9. Other operational aspects a. Utilisation of limits
and adherence to other requirements of this Route shall be the responsibility of
both the FPI and its custodian. b. Custodians shall not permit any
repatriation from the cash accounts of an FPI, if such transaction leads to the
FPI’s assets falling below the minimum stipulated level of 75% of CPS during the
retention period. c. Custodians shall have in place appropriate legal
documentation with FPIs that enables them (custodians) to ensure that
regulations under VRR are adhered to. d. FPIs shall open one or more separate
Special Non-Resident Rupee (SNRR) account for investment through the Route. All
fund flows relating to investment through the Route shall reflect in such
account(s). e.
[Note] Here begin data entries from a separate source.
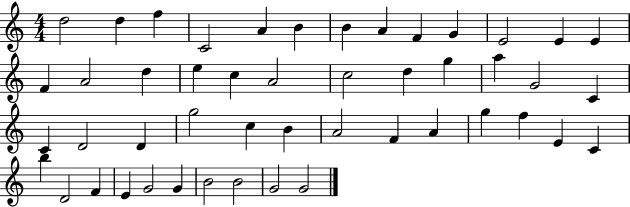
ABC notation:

X:1
T:Untitled
M:4/4
L:1/4
K:C
d2 d f C2 A B B A F G E2 E E F A2 d e c A2 c2 d g a G2 C C D2 D g2 c B A2 F A g f E C b D2 F E G2 G B2 B2 G2 G2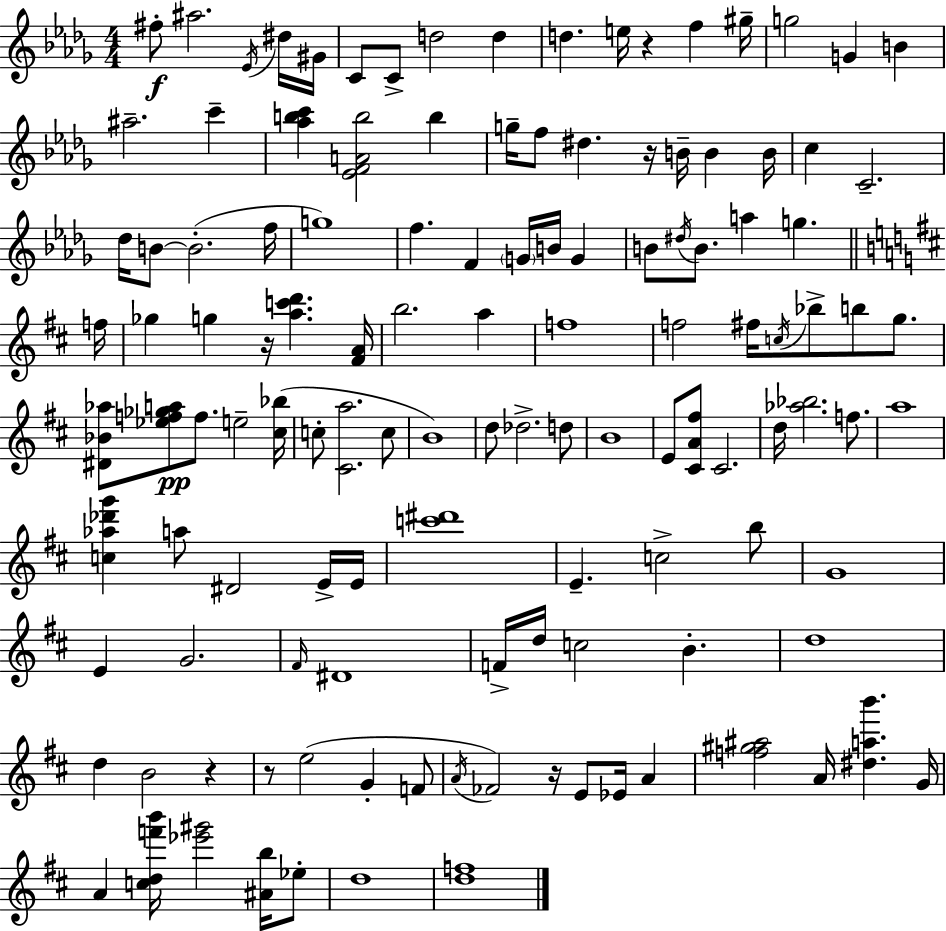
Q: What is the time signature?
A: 4/4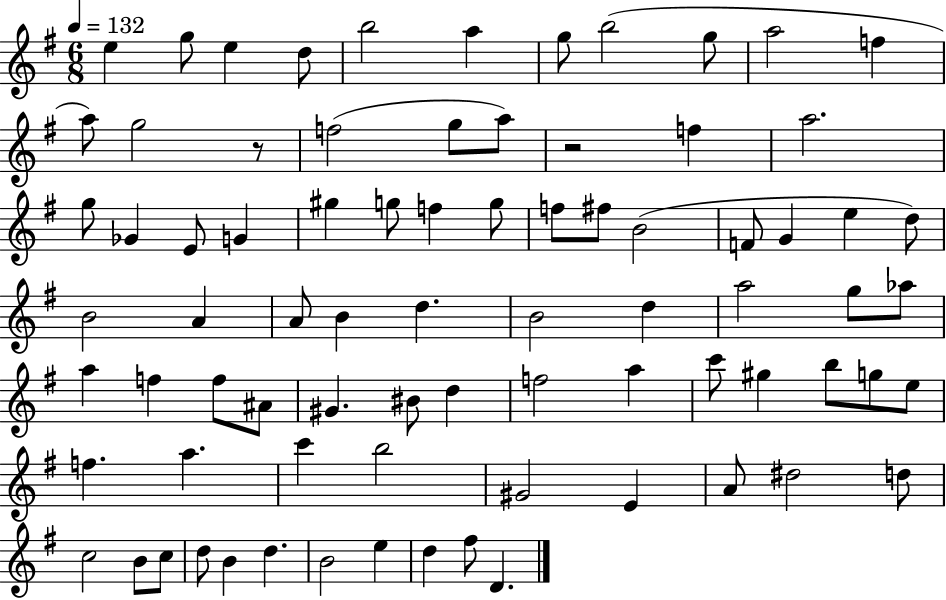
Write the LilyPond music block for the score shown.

{
  \clef treble
  \numericTimeSignature
  \time 6/8
  \key g \major
  \tempo 4 = 132
  e''4 g''8 e''4 d''8 | b''2 a''4 | g''8 b''2( g''8 | a''2 f''4 | \break a''8) g''2 r8 | f''2( g''8 a''8) | r2 f''4 | a''2. | \break g''8 ges'4 e'8 g'4 | gis''4 g''8 f''4 g''8 | f''8 fis''8 b'2( | f'8 g'4 e''4 d''8) | \break b'2 a'4 | a'8 b'4 d''4. | b'2 d''4 | a''2 g''8 aes''8 | \break a''4 f''4 f''8 ais'8 | gis'4. bis'8 d''4 | f''2 a''4 | c'''8 gis''4 b''8 g''8 e''8 | \break f''4. a''4. | c'''4 b''2 | gis'2 e'4 | a'8 dis''2 d''8 | \break c''2 b'8 c''8 | d''8 b'4 d''4. | b'2 e''4 | d''4 fis''8 d'4. | \break \bar "|."
}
FPIs shall also open a separate security account for holding
debt securities under this Route.
Appendix
Auction process for allocation of investment amount under VRR
The auction process for allotment of investment amounts under VRR shall be as
under: a. An FPI shall bid two variables - the amount it proposes to invest
and the retention period of that investment, which shall not be less than the
minimum retention period applicable for that auction. b. FPIs are permitted
to place multiple bids. c. The criterion for allocation under each auction
shall be the retention period bid in the auction. d. Bids will be accepted in
descending order of retention period, the highest first, until the amounts of
accepted bids add up to the auction amount. e. Allotment at margin (i.e., at
the lowest retention period accepted), in case the amount bid at margin is more
than the amount available for allotment, shall be as below:
i. The
marginal bid shall be allocated partially such that the total acceptance amount
matches the auction amount. ii. In case there are more than one marginal
bids, allocation shall be made to the bid with the largest amount, and then in
descending order of amount bid until the acceptance amount matches the auction
amount. iii. In case the amount offered is the same for two or more marginal
bids, the amount will be allocated equally.
f. If an FPI has been
allotted multiple bids in an auction, the CPS shall be reckoned for each bid
separately. g. FPI which has got CPS allocated under an auction will be
eligible to participate in subsequent auction as well.